Des statuts ringards inchangés.
Pour une fois, la direction du SNES proposait des modifications de statuts de bon sens : la suppression du vote par catégorie, l’impossibilité de cumuler les fonctions d’élu politique et les responsabilités syndicales et le regroupement des votes (sur les rapports d’activité et pour l’orientation) en une seule fois, avant le congrès national. Aucune de ces modifications n’a obtenu 2/3 des mandats et n’a donc été votée.

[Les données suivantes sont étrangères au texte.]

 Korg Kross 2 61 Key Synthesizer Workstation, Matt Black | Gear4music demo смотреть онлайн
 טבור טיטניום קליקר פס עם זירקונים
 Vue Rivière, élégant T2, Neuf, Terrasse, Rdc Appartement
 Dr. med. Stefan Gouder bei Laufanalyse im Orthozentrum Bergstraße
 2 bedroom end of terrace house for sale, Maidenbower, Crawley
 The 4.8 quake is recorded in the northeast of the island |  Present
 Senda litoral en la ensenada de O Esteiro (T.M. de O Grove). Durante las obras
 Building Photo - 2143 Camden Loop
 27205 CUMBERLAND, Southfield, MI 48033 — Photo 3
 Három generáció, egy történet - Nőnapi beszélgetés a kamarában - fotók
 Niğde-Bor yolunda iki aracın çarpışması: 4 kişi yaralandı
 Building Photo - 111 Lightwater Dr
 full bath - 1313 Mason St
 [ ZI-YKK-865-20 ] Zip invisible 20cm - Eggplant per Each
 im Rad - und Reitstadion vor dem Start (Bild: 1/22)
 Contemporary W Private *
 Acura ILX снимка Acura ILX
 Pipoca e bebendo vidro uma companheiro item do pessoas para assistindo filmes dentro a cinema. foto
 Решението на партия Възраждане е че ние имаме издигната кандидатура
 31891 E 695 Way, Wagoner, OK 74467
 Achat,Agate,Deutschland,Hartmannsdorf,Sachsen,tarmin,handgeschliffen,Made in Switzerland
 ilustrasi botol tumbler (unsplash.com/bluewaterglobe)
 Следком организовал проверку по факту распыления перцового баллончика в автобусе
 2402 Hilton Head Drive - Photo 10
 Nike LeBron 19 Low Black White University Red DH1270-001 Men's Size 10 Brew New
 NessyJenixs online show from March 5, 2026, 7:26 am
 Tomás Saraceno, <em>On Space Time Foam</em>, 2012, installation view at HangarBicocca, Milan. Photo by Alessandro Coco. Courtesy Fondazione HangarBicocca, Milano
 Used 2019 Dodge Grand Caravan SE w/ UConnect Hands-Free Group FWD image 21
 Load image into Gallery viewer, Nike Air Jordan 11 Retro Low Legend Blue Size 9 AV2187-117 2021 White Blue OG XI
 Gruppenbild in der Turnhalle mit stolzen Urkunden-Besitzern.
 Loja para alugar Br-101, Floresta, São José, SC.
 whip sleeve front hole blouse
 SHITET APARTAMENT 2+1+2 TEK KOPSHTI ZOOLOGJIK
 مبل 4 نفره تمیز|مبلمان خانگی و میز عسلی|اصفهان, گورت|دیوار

Droits et libertés, des progrès !
C’est le seul domaine où nous avons pu faire intégrer nos propositions et voter la motion finale. Il y a eu ainsi une motion pour Roland Veuillet, exigeant que soit appliquée la décision du conseil supérieur de la fonction publique et qu’il y ait une enquête administrative, une motion pour des jeunes du Mans condamnés à la prison ferme après une manif contre Raffarin et une pour la libération de Kamel Belkadi accusé d’avoir incendié l’usine Daewoo de Longwy (on attend le verdict). La direction du SNES reconnaît le travail du Réseau « Education sans frontière » et accepte de demander la régularisation de tous les Sans Papiers. Sur la Palestine, on peut mesurer le chemin parcouru par rapport aux années précédentes quand le SNES mettait sur le même plan l’occupation et la sécurité de l’occupant. Cette fois, le SNES parle (enfin) de « mur de l’Apartheid ». La motion femmes a également été votée unanimement.

Un congrès très droitier
Qu’on soit ou non au SNES, on ne peut pas être indifférent au chemin que prend le syndicat majoritaire dans le secondaire. Tout simplement parce qu’il est très difficile de lutter sans lui ou contre lui.
Il faut CHANGER l’orientation de ce syndicat. Le Mans aura été le congrès de l’autosatisfaction et de l’immobilisme. Et cela nous prépare à de nouveaux reculs et de nouvelles défaites. Sauf si nous prenons notre sort en main.